Registration methods return errors for:

Duplicate registration: attempting to register same metric name twice
Prometheus conflicts: internal Prometheus registration failures
Validation errors: nil metrics or invalid parameters

Example error handling:

counter := prometheus.NewCounter(prometheus.CounterOpts{Name: "test"})
err := registry.RegisterCounter("service", "test", counter)
if err != nil {
    // Check for duplicate registration
    if strings.Contains(err.Error(), "already registered") {
        log.Printf("Metric already registered, skipping")
    } else {
        log.Fatalf("Failed to register metric: %v", err)
    }
}

The Server.Start() method returns errors for:

Server already running
Nil registry
HTTP server failures (port in use, permission denied)

Testing ¶

The package includes comprehensive tests:

Unit tests: Core metrics recording, registry operations
Integration tests: Full registry lifecycle, Prometheus gathering
Race detection: Concurrent access patterns verified

Example test using the registry:

func TestMyService_Metrics(t *testing.T) {
    registry := metric.NewMetricsRegistry()
    service := NewMyService(registry)

    // Perform operations
    service.DoWork()

    // Verify metrics
    coreMetrics := registry.CoreMetrics()
    // Check that metrics were recorded
}

Performance Considerations ¶

Metric recording performance:

Counter.Inc(): ~100ns per operation (lock-free)
Gauge.Set(): ~100ns per operation (lock-free)
Histogram.Observe(): ~150ns per operation (bucket lookup)

Registry operations:

Registration: O(1) map insert with mutex
Gathering: O(n) for n registered metrics

Memory usage:

Core metrics: ~2KB base overhead
Per service metric: ~200 bytes
Vector metrics: ~200 bytes + (100 bytes × number of label combinations)

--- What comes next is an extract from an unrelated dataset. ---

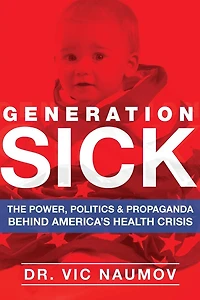 Generation SICK: The Power, Politics and Propaganda Behind America's Health Crisis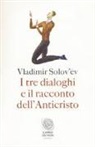 Vladimir Sergeevic Solov'Ëv - I tre dialoghi e il racconto dell'anticristo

The HTTP server adds minimal overhead (~1MB base) and handles Prometheus scraping efficiently with streaming responses.

Architecture Integration ¶

The metric package integrates with StreamKit components:

service: Services record lifecycle and processing metrics
component: Components track message flow metrics
natsclient: NATS client records connectivity metrics
health: Health status can be mirrored as metrics

Data flow:

Component → Core Metrics → Prometheus Registry → HTTP Server → Prometheus

Design Decisions ¶

Centralized Registry: Chose centralized registry over distributed collectors to ensure consistent metric namespace, prevent duplication, and enable runtime metric discovery.

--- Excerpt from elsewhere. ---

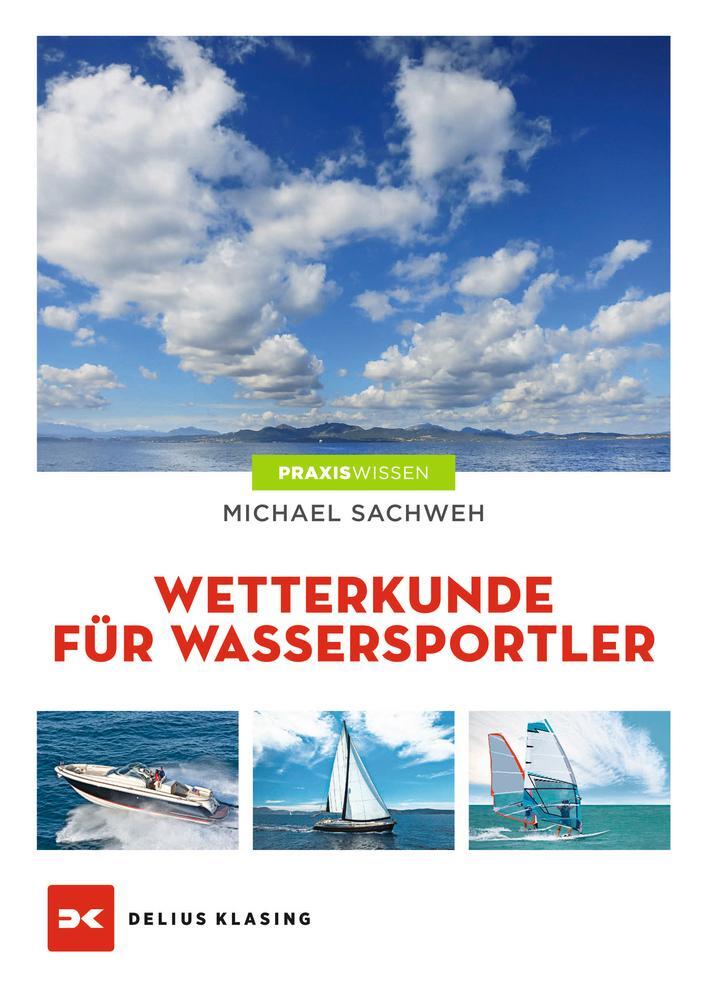Cover: 9783667115898 | Wetterkunde | für Wassersportler | Michael Sachweh | Taschenbuch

Core vs Service Metrics: Separated platform-level metrics (core) from service-specific metrics to distinguish infrastructure health from application health.

Prometheus Direct Integration: Used official Prometheus client rather than abstraction to leverage native features, avoid wrapper overhead, and ensure compatibility with Prometheus ecosystem.

No Context in Server.Start(): Current design uses blocking Start() without context. Future enhancement could add context-aware lifecycle management.

Examples ¶

Complete service integration:

package main

import (
    "log"
    "time"

    "github.com/c360studio/semstreams/metric"
    "github.com/prometheus/client_golang/prometheus"
)

func main() {
    // Create metrics registry
    registry := metric.NewMetricsRegistry()

    // Start metrics server
    securityCfg := security.Config{} // Platform security config
    server := metric.NewServer(9090, "/metrics", registry, securityCfg)
    go func() {
        if err := server.Start(); err != nil {
            log.Printf("Metrics server error: %v", err)
        }
    }()
    defer server.Stop()

    // Get core metrics
    coreMetrics := registry.CoreMetrics()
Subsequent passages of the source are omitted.